Figure 8: Comparison of the accuracy indicators of different interpolation methods

From the comparison in Fig. 6, it can be seen that when using one single interpolation method to estimate the overall testing sample points, the OK method was slightly better, followed by TIN. The overall sample error of IDW and RBF was larger, and the prediction coincidence of MLS was the lowest (0.9789).

From the perspective of the interpolation characteristics of the five methods, when using one single method to estimate the elevation of the sample points the interpolation precision largely depends on the variation of local terrain. Therefore, the applicability of different interpolation methods varies in different underwater terrain environments. The different sensitivities of the interpolation methods to the terrain variation weaken the natural attributes of the sample points if using a single method and are not be able to better represent the spatial distribution of nonlinear feature data.

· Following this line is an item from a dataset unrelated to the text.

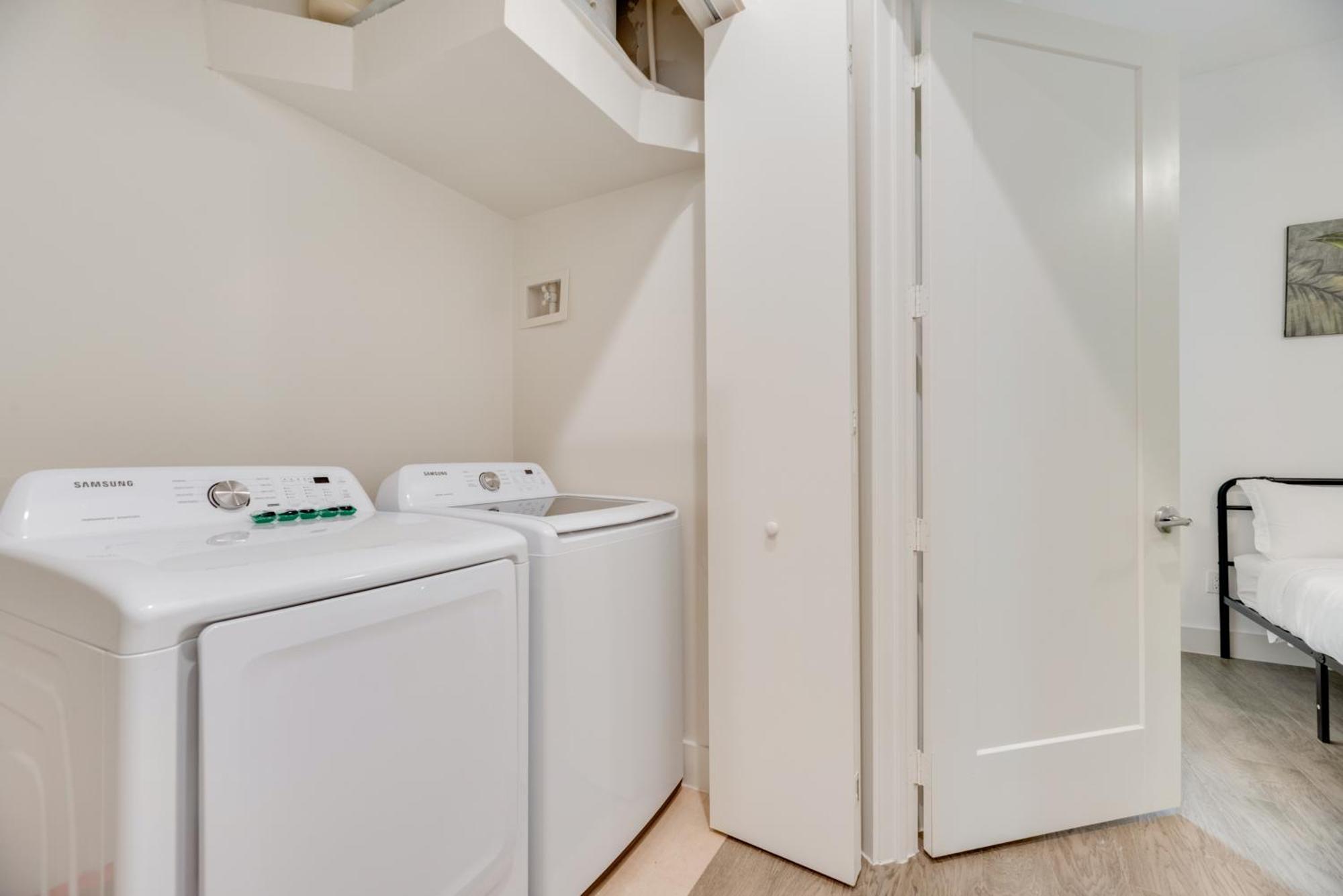 Snazzy Loft Style 2Br I Gym I Parking I Workspace Dallas Eksteriør bilde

For example, when the IDW method performs elevation interpolation, it ensures that the estimated value of the interpolation point does not exceed the elevation range of the sample points and the generated DEM is smooth, but it causes some locally rugged terrain to be excessively smoothed, and the overall interpolation precision is reduced. In comparison, the presented integrated method can take full advantage of the different interpolation methods, reduce the overall interpolation error, and effectively restore the underwater terrain information. Fig. 6 shows that relative to a single method, the integrated method reduced the ME value by about 15% and the RMSE value by about 10% and increased the R2 value by about 0.005. Therefore, the integrated method has wider applicability.

6  Conclusions

On the basis of underwater terrain data of the Panjing River measured by a USV, this work introduced five different interpolation methods to generate an underwater DEM and analyzed the respective interpolation precision and interpolation effects under different spatial distributions. We found the following. 1) There was a positive spatial correlation between the interpolation errors and the terrain surface roughness. The interpolation precision decreased with the increase of the surface roughness. 2) The IDW method had a relatively high interpolation precision in flat areas (SR < 1.03). When the SR value ranged between 1.03 and 1.07, the TIN method had a better interpolation effect. The OK method maintained a higher interpolation precision when the terrain of the surveying area was complex, with a surface roughness value larger than 1.07.

On the basis of the analysis of the characteristics of the five interpolation methods, an integrated interpolation method was proposed to improve the interpolation precision. According to the topographic information reflected by the measured points in the survey area, the integrated approach automatically selected appropriate methods to predict the elevation of the interpolated points in the survey area according to different surface roughness. This approach is adaptive and can comprehensively use the advantages of the different interpolation methods and avoid the loss of information that can occur when describing the local terrain feature using a single interpolation method. Comparative analysis showed that the integrated approach improved the interpolation precision.

The presented results are limited to the Panjing River in Shanghai. The general applicability and reliability need to be further verified. In the next step, USV surveys will be carried out in different water systems to explore the specific scope of the application of the proposed integrated interpolation approach.

Funding Statement: The research work herein was supported by the National Natural Science Foundation of China (Grant No. 42102318) and the Program for Professor of Special Appointment (Eastern Scholar) at Shanghai Institutions of Higher Learning.

Availability of Data and Materials: The data used to support the findings of this study are included within the article.

Conflicts of Interest: The authors declare that they have no conflicts of interest to report regarding the present study.